### WHAT YOU WILL DO
Scan the records below. List lines holding "Anti".

### DATA FOR REVIEW
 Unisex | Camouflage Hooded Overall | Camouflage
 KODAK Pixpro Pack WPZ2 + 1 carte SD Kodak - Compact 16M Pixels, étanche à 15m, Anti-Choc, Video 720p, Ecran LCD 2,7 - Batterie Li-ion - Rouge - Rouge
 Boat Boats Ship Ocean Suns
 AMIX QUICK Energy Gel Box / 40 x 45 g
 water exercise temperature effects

* * *

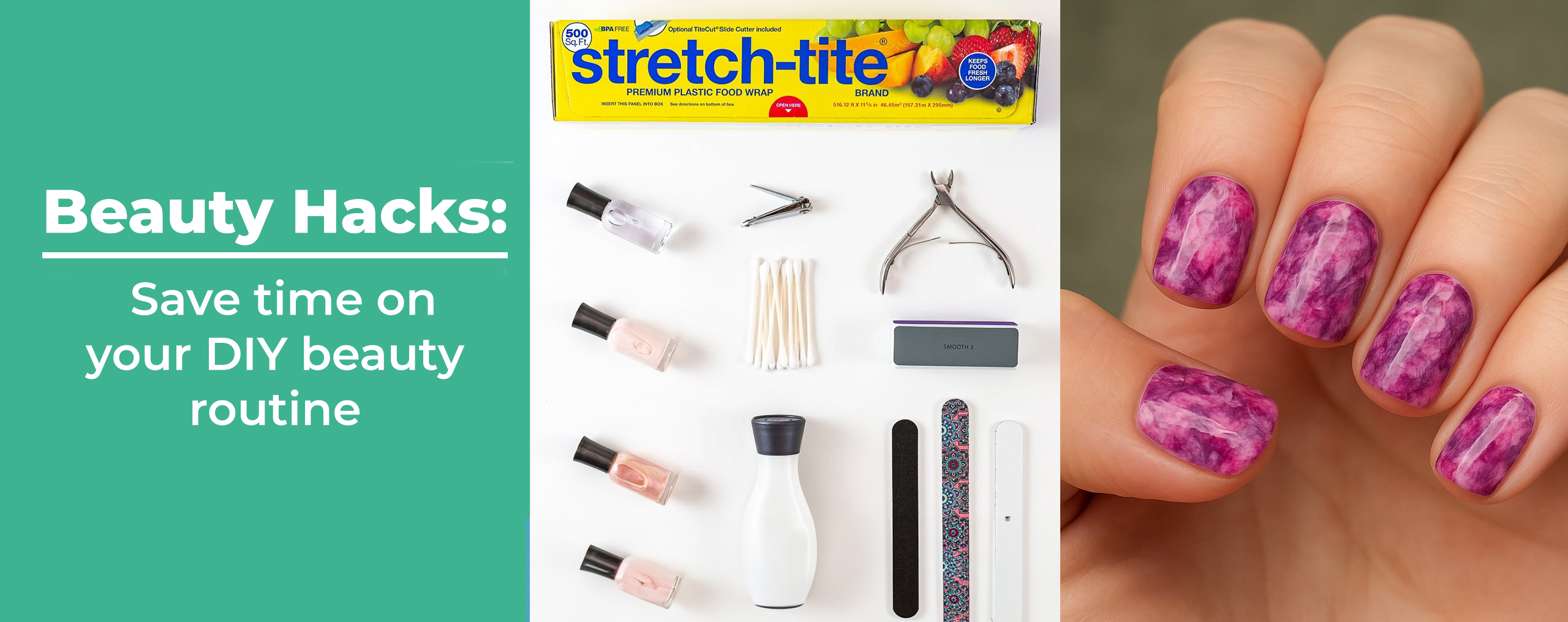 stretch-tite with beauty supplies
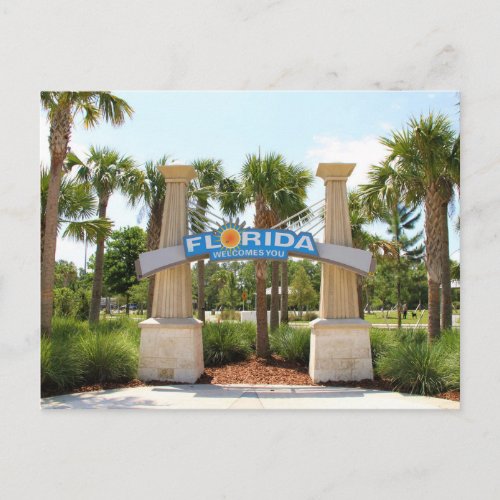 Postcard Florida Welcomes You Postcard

...

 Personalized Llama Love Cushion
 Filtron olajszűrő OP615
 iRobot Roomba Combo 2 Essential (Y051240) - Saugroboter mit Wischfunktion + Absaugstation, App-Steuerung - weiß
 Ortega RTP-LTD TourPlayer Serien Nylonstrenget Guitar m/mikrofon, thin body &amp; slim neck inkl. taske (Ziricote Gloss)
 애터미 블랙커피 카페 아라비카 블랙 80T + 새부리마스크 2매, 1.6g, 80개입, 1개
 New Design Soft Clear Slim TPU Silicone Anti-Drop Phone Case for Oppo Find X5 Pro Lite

### OUTPUT OF THE TASK
 KODAK Pixpro Pack WPZ2 + 1 carte SD Kodak - Compact 16M Pixels, étanche à 15m, Anti-Choc, Video 720p, Ecran LCD 2,7 - Batterie Li-ion - Rouge - Rouge
 New Design Soft Clear Slim TPU Silicone Anti-Drop Phone Case for Oppo Find X5 Pro Lite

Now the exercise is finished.